The pipeline uses bwa mem
alignments as a guide. We start with a normal bwa workflow:
bwa mem -x ont2d -t 8 ecoli_k12.fasta reads.fa | samtools view -Sb - | samtools sort - alignments.sorted
samtools index alignments.sorted.bam
We can then realign in event space using nanopolish:
nanopolish eventalign -r reads.fa -b alignments.sorted.bam -g ecoli_k12.fasta "gi|556503834|ref|NC_000913.3|:10000-20000" > eventalign.tsv
The output looks like this:
contig position reference_kmer read_index strand event_index event_level_mean event_length model_kmer model_mean model_stdv
gi|556503834|ref|NC_000913.3| 10000 ATTGC 1 c 27470 50.57 0.022 ATTGC 50.58 1.02
gi|556503834|ref|NC_000913.3| 10001 TTGCG 1 c 27471 52.31 0.023 TTGCG 51.68 0.73
gi|556503834|ref|NC_000913.3| 10001 TTGCG 1 c 27472 53.05 0.056 TTGCG 51.68 0.73
gi|556503834|ref|NC_000913.3| 10001 TTGCG 1 c 27473 54.56 0.011 TTGCG 51.68 0.73
gi|556503834|ref|NC_000913.3| 10002 TGCGC 1 c 27474 65.56 0.012 TGCGC 66.96 2.91
gi|556503834|ref|NC_000913.3| 10002 TGCGC 1 c 27475 69.97 0.071 TGCGC 66.96 2.91
gi|556503834|ref|NC_000913.3| 10003 GCGCT 1 c 27476 67.11 0.017 GCGCT 68.08 2.20
gi|556503834|ref|NC_000913.3| 10004 CGCTG 1 c 27477 69.47 0.052 CGCTG 69.84 1.89
This is the complement strand (c) of a 2D Nanopore read from Nick’s E. coli data aligned to E. coli K12. The first event listed (event 27470) had a measured current level of 50.57 pA. It aligns to the reference 5-mer ATTGC at position 10,000 of the reference genome. The pore model indicates that events measured for 5-mer ATTGC should come from \(\mathcal{N}(50.58, 1.02^2)\), which matches the observed data very well. The next 3 events (27471, 27472, 27473) are all aligned to the same reference 5-mer (TTGCG) indicating that the event detector erroneously called 3 events where only one should have been emitted. Note that the current for these 3 events are all plausibly drawn from the expected distribution \(\mathcal{N}(51.68, 0.73^2)\).

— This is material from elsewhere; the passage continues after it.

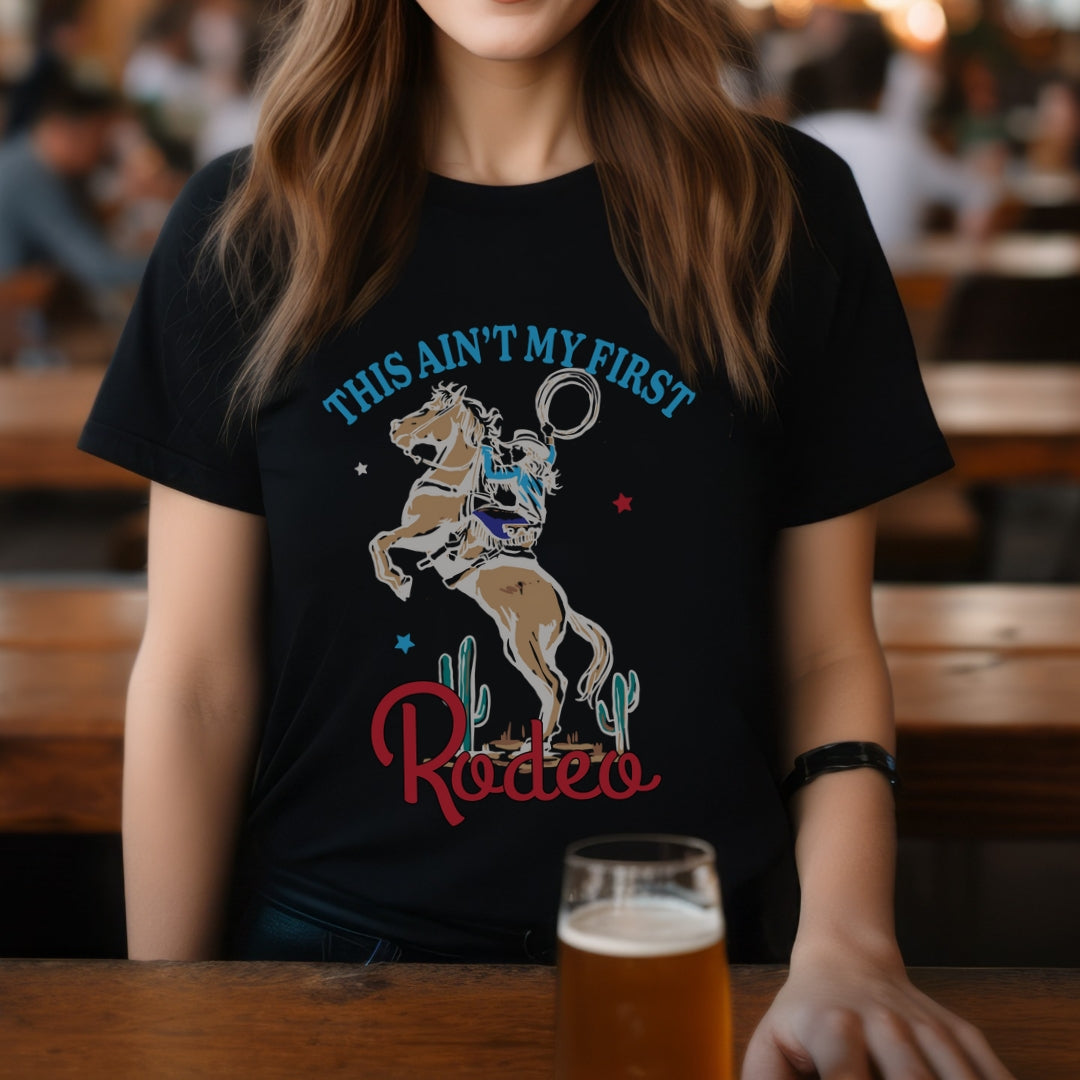 This Ain't My First Rodeo Western Graphic T-shirt | Women's Country Graphic Tees | Cowgirl T-shirts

This output has one row for every event. If a reference 5-mer was skipped, there will be a gap in the output where no signal was observed:
gi|556503834|ref|NC_000913.3| 10009 GCACC 1 c 27489 67.52 0.028 GCACC 66.83 2.46
gi|556503834|ref|NC_000913.3| 10011 ACCGC 1 c 27490 65.17 0.012 ACCGC 65.03 1.92
Here we did not observe an event for the 5-mer at position 10010.
This module will hopefully make it easier to work with signal-level nanopore data, and help the development of improved models. The eventalign
module can be found in the latest version of nanopolish.